University of Alberta, Edmonton, AB, Canada.
J Appl Microbiol. 2022 Jul;133(1):120-129. doi: 10.1111/jam.15346. Epub 2021 Nov 5.
This study aimed to quantify α-amylase/trypsin inhibitor (ATI) CM3 and glutathione (GSH) during wheat sourdough breadmaking.

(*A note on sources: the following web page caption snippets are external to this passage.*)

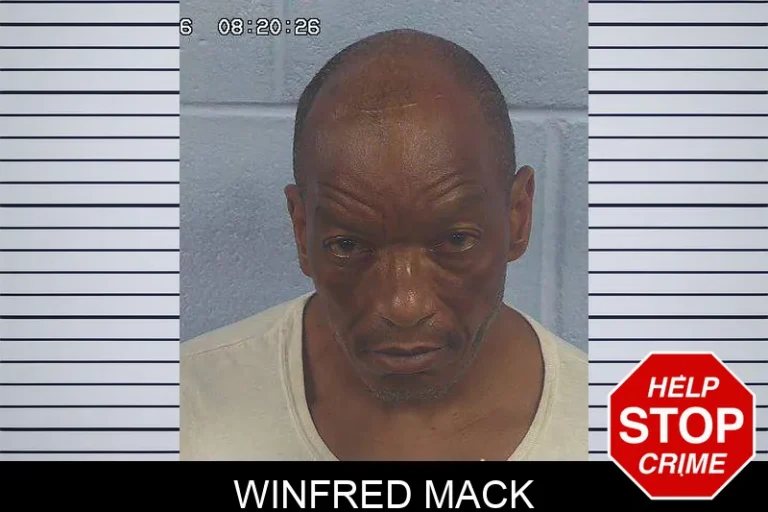 Winfred Mack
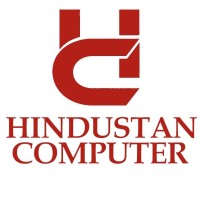 Hindustan Computer logo, Hindustan Computer contact details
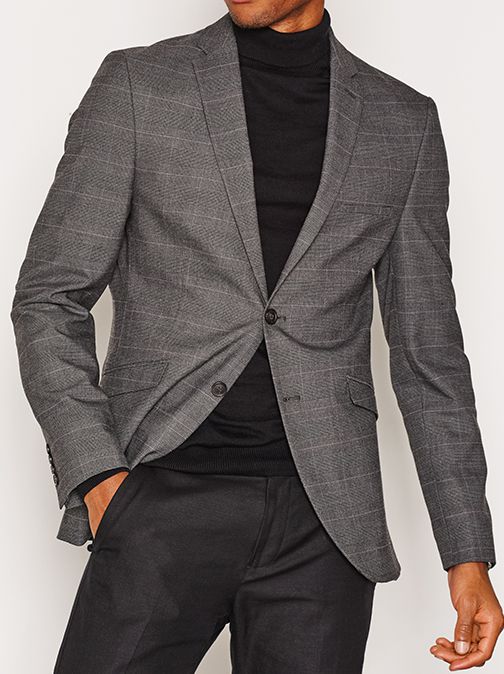 Taxkit Mid Grey Blazer img 0003 032002 0080 1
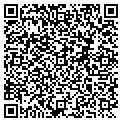 QR code with Srm Tools contacts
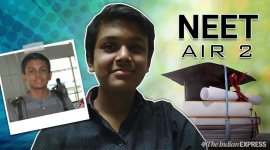 2_759 (1) NEET, neet result, neet topper, neet delhi topper, neet rank 2, neet topper bhavik gupta, bhavik gupta, neet answer key, nta, nta neet result, aiims exam, aiims mbbs result, aiims mbbs 2019 result date, aiims admission, medial college admission, books for neet, neet 2020, education news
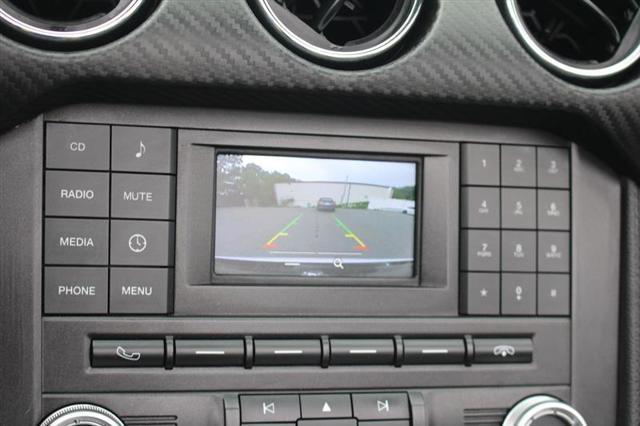 used 2015 Ford Mustang car, priced at $12,999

Breads were made with two wheat cultivars and fermented with Fructilactobacillus sanfranciscensis, F. sanfranciscensis ΔgshR or Latilactobacillus sakei; chemically acidified and straight doughs served as controls. Samples were analysed after mixing, after proofing and after baking. GSH and CM3 were quantified by multi-reaction-monitoring-based methods on an LC-QTRAP mass spectrometer. Undigested ATI extracts were further examined by SDS-PAGE.

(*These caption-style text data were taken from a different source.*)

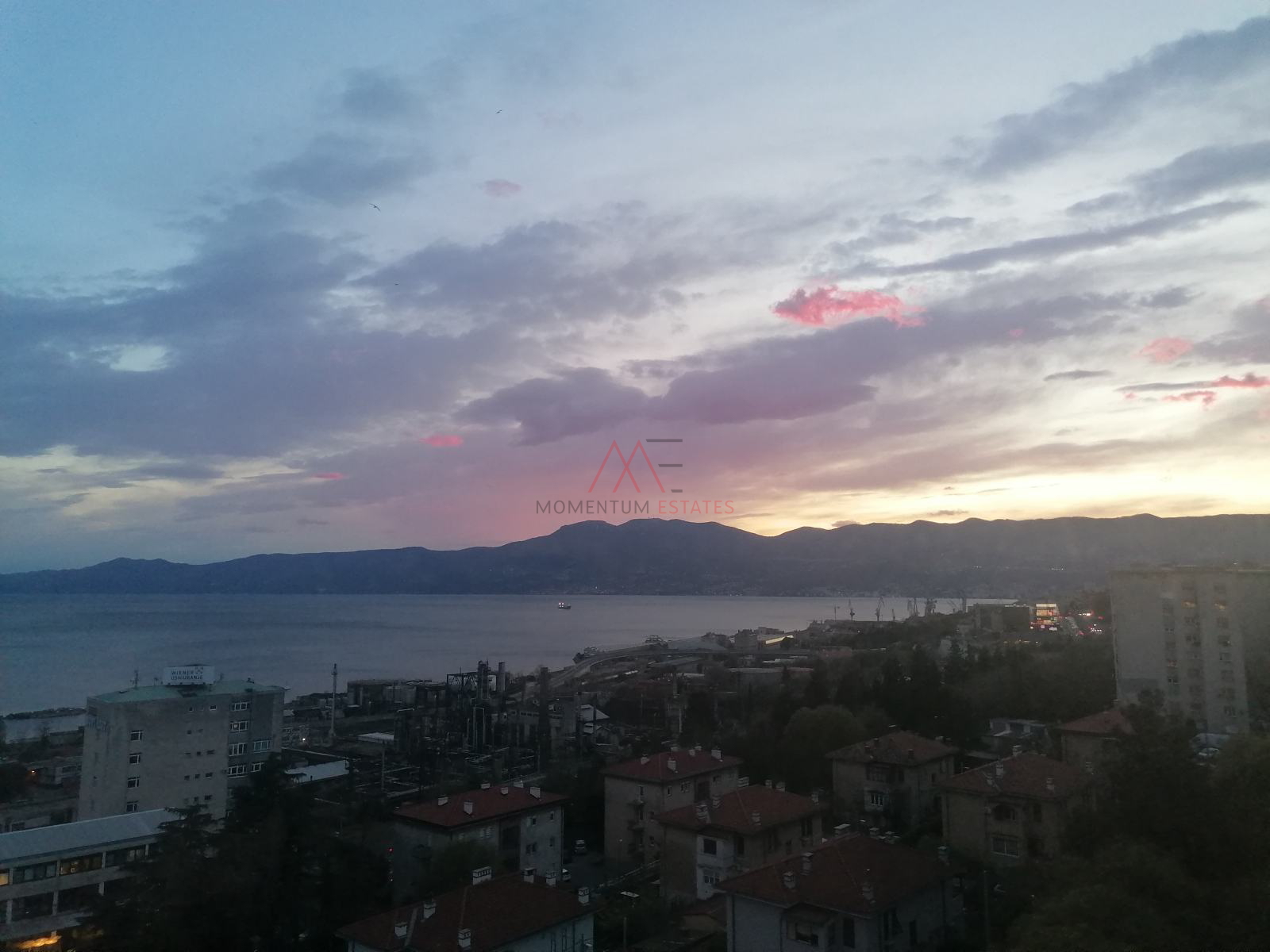 Appartamento&comma; 38 m2&comma; Vendita&comma; Rijeka - Podmurvice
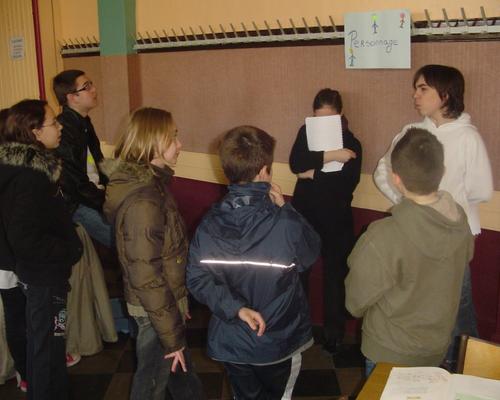 ateliers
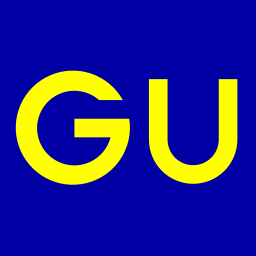 Logo GU Co., Ltd.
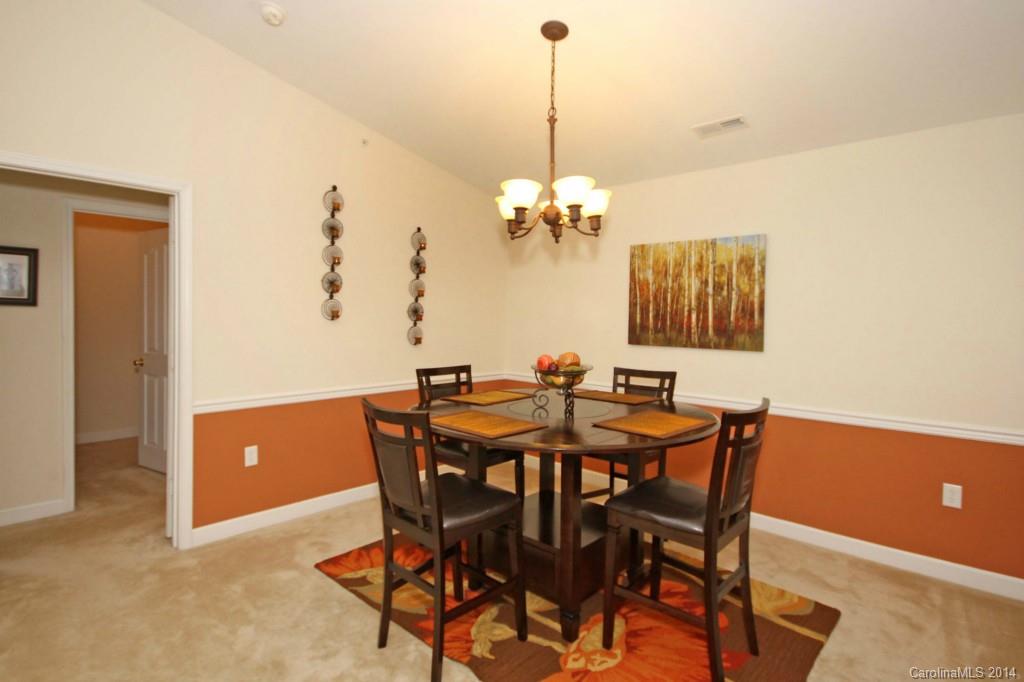 Alexander Chase - Residential Lease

GSH abundance was similar after mixing and after proofing but increased after baking (p < 0.001), regardless of fermentation. In breads baked with cv. Brennan, the samples fermented with lactobacilli had higher GSH abundance (p < 0.001) than in the controls. CM3 relative abundance remained similar after mixing and after proofing but decreased after baking (p < 0.001) across all treatments. This trend was supported by the SDS-PAGE analysis in which ATI band intensities decreased after baking (p < 0.001) in all experimental conditions. The overall effect of baking exerted a greater effect on the abundances of GSH and CM3 than fermentation conditions.
This is the first report to quantify ATI over the course of breadmaking by LC-MS/MS in sourdough and straight dough processes.
本研究旨在定量测定小麦酸面团制作过程中的α-淀粉酶/胰蛋白酶抑制剂(ATI)CM3 和谷胱甘肽(GSH)。
使用两种小麦品种制作面包,并分别用嗜酸果糖杆菌、缺失谷胱甘肽合成酶的嗜酸果糖杆菌或清酒乳杆菌发酵;化学酸化和直接面团作为对照。在混合后、发酵后和烘焙后分析样品。使用基于多反应监测的 LC-QTRAP 质谱法定量测定 GSH 和 CM3。未消化的 ATI 提取物进一步通过 SDS-PAGE 进行检查。
无论发酵与否,混合后和发酵后 GSH 丰度相似,但烘焙后增加(p<0.001)。在使用 Brennan 品种烘焙的面包中,与对照相比,经乳酸菌发酵的样品具有更高的 GSH 丰度(p<0.001)。混合后和发酵后 CM3 相对丰度相似,但烘焙后降低(p<0.001),所有处理均如此。SDS-PAGE 分析也支持了这一趋势,其中 ATI 条带强度在所有实验条件下烘焙后均降低(p<0.001)。与发酵条件相比,烘焙的总体效果对 GSH 和 CM3 的丰度产生了更大的影响。
这是首次通过 LC-MS/MS 在酸面团和直接面团工艺中定量测定 ATI 在面包制作过程中的含量。